There’s a man with a missing tooth in my space. I’m not surprised to find him here, after all I did invite him. To clean my carpets. They haven’t been cleaned in a very long time, because I dislike people in my space.
So I’ve moved my laptop, two books, two phones and a calendar to the room he said he’d clean last and I realize I’m very portable—even if set in my ways. Front door, back door, garage door—they’re all open, but Grendal is safe at my feet. This shouldn’t take too long, I tell myself, knowing that having this man with the missing tooth in my space will wreak havoc on my goals. I had hoped to be 44,000 thousand words into Losing Penny by tomorrow. I’m about 7,000 words short—doable, but definitely a stretch. Especially with someone in my space.
We’ve lived in our house for almost 17 years. We moved in when my twins were four days old. They’ll leave for school in a year. Every day we get college brochures in the mail, asking the girls to apply. Yale, Cornell, Boston College, schools that never would have written and asked for my application. We’re on a steep and slippery slope until they’re gone.
I know kids come and go. Adam is living at home after a decade of schooling. Bethany, Brandon, their two boys, and four friends are coming this weekend for a chiropractic convention. This weekend my household will swell from five to thirteen.
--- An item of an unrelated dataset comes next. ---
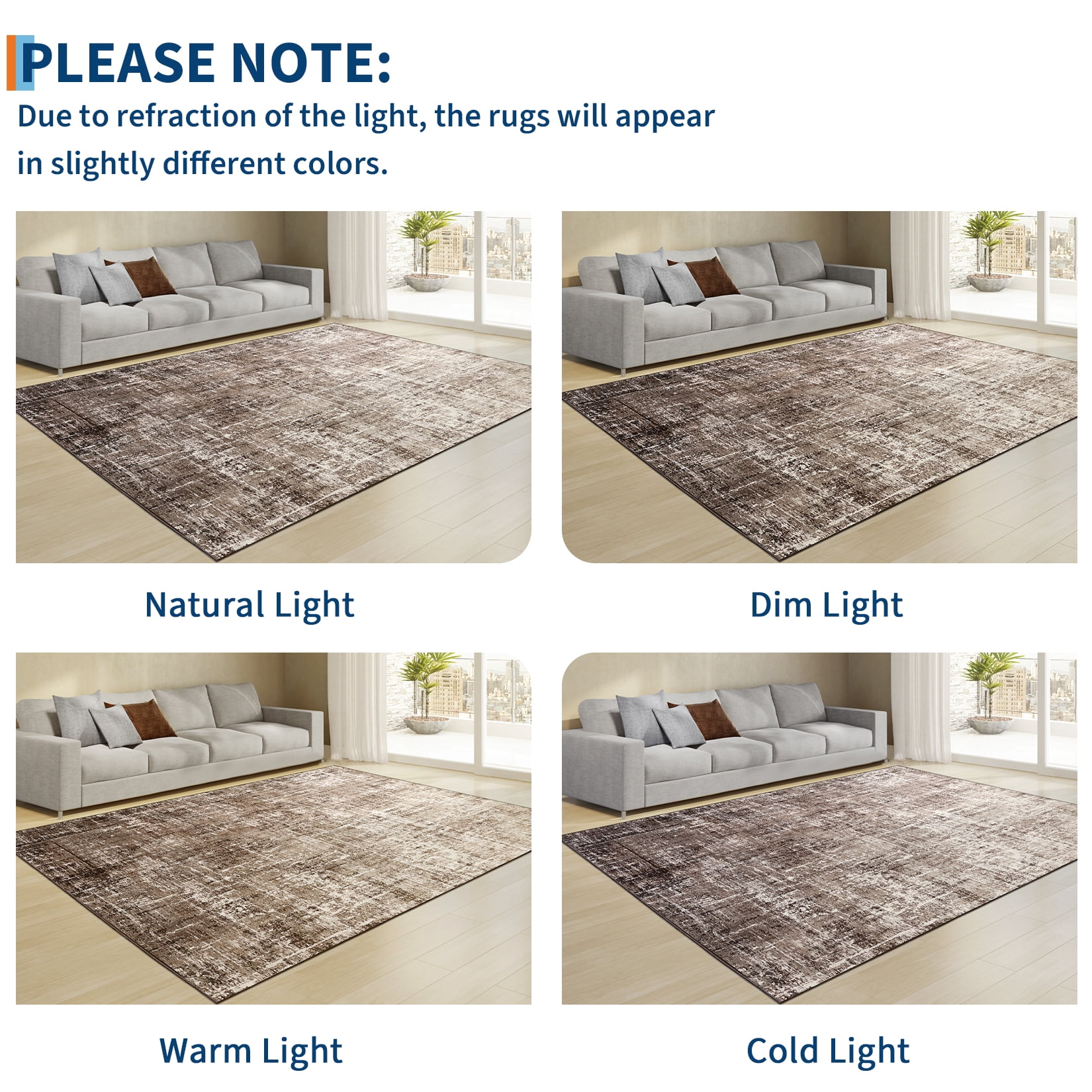 Hasoo Large Washable Rug 9' x 12' Area Rug for Living Room Modern Abstract Non-Slip Neutral Indoor Decor Carpet, Brown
My friend had six whole month of empty-nesthood and now she has two married daughters, sons-in-laws and a grandchild moving in. She’s recarpeted, painted and gutted bedrooms to make room for them.
And this is what this stage of life is all about, watching your children come and go, making space for them in your house and your heart when they need you—and then trying to fill the empty space when they go….because they will go.
It’s what we came here to do. To love, to try and make the world a little bit better, and then leave.